Subarnachar Upazila mauza geocode map

Subarnachar (সুবর্ণচর) is an upazila (sub-district) of Noakhali District, located in Bangladesh's Chittagong Division. The Bhulua River and Sandwip Channel flows through it.

==History==
The islands in the upazila formed in 1959 and many poor migrants started settling there. This was followed by a land dispute in 1986 with foreign land grabbing forces. The clashes killed hundreds of people and destroyed thousands of homes. The settlers of Subarnachar sacrificed many precious lives to survive on that day. The history of this upazila has been written through the relentless struggle of the working people who have made this salty char habitable through their creative activities. Subarnachar has suffered from flooding in many occasions such as on 12 November 1970 as well as in 1985, 1991 and 1998. Subarnachar was given upazila status on 2 April 2005, taking 7 unions from Noakhali Sadar Upazila.

==Demographics==

According to the 2022 Bangladeshi census, Subarnachar Upazila had 73,578 households and a population of 355,910. 13.71% of the population were under 5 years of age. Subarnachar had a literacy rate (age 7 and over) of 63.63%: 63.62% for males and 63.65% for females, and a sex ratio of 97.65 males for every 100 females. 22,829 (6.41%) lived in urban areas.

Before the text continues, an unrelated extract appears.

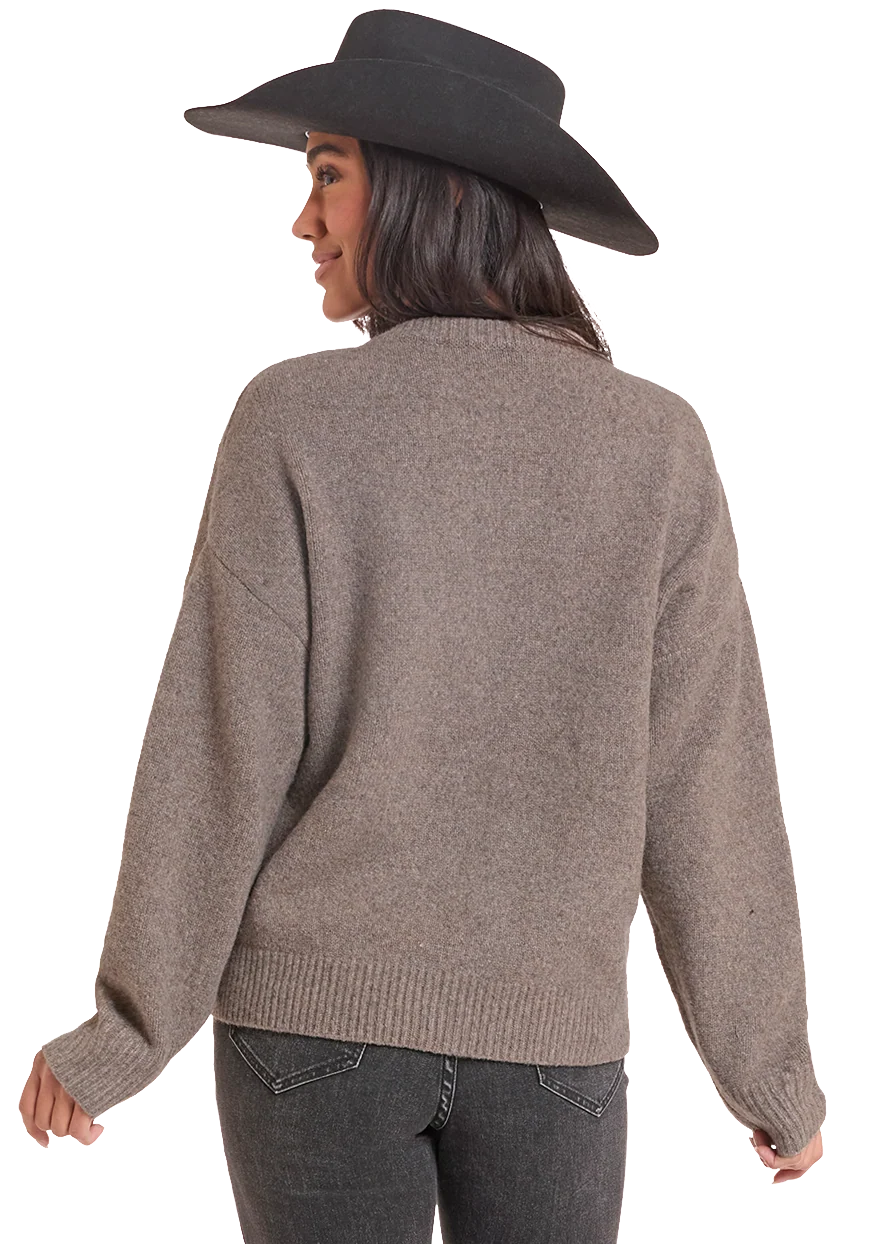 Rock & Roll Women's Heathered Horse Sweater BW32T09971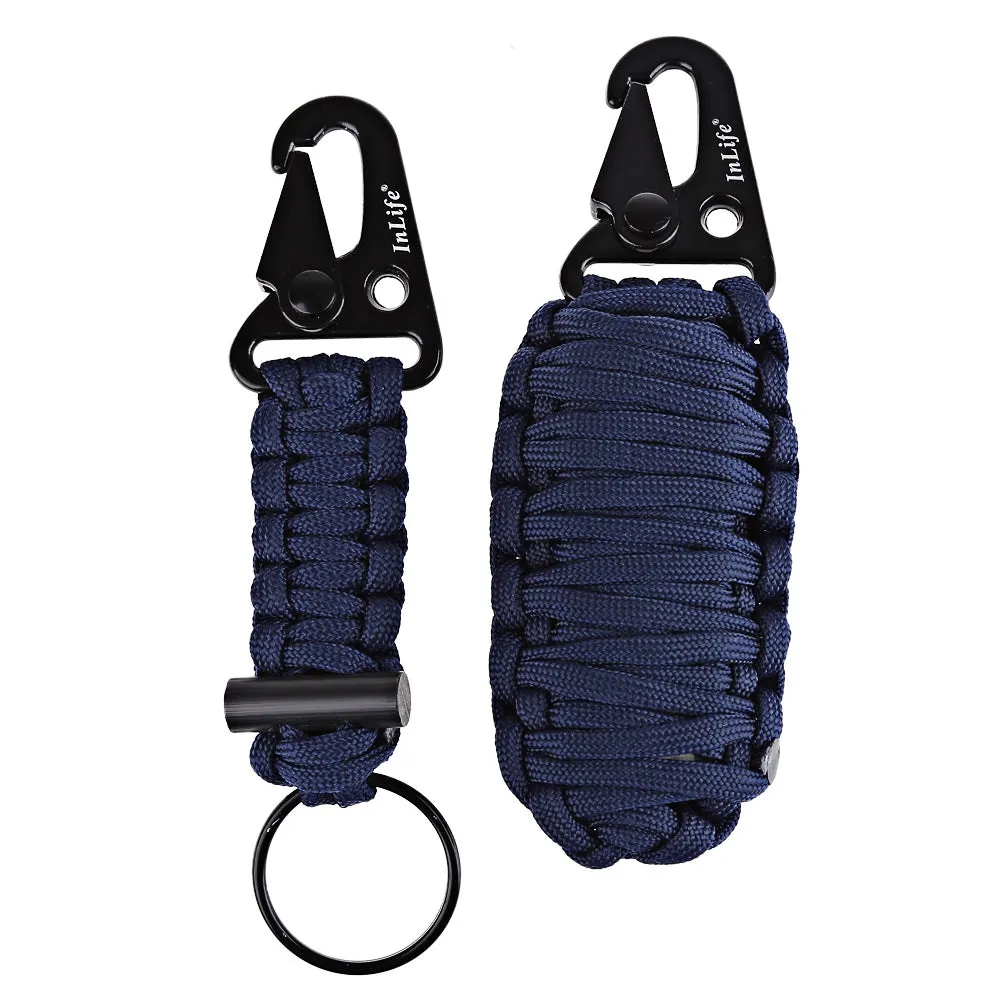 Outdoor Practical Paracord Survival Flint Fire Starter Fishing Tools with Snap Hook Key Chain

According to the 2011 Census of Bangladesh, Subarnachar Upazila had 55,399 households and a population of 289,514. 94,114 (32.51%) were under 10 years of age. Subarnachar had a literacy rate (age 7 and over) of 32.66%, compared to the national average of 51.8%, and a sex ratio of 1017 females per 1000 males. 6,651 (2.30%) lived in urban areas.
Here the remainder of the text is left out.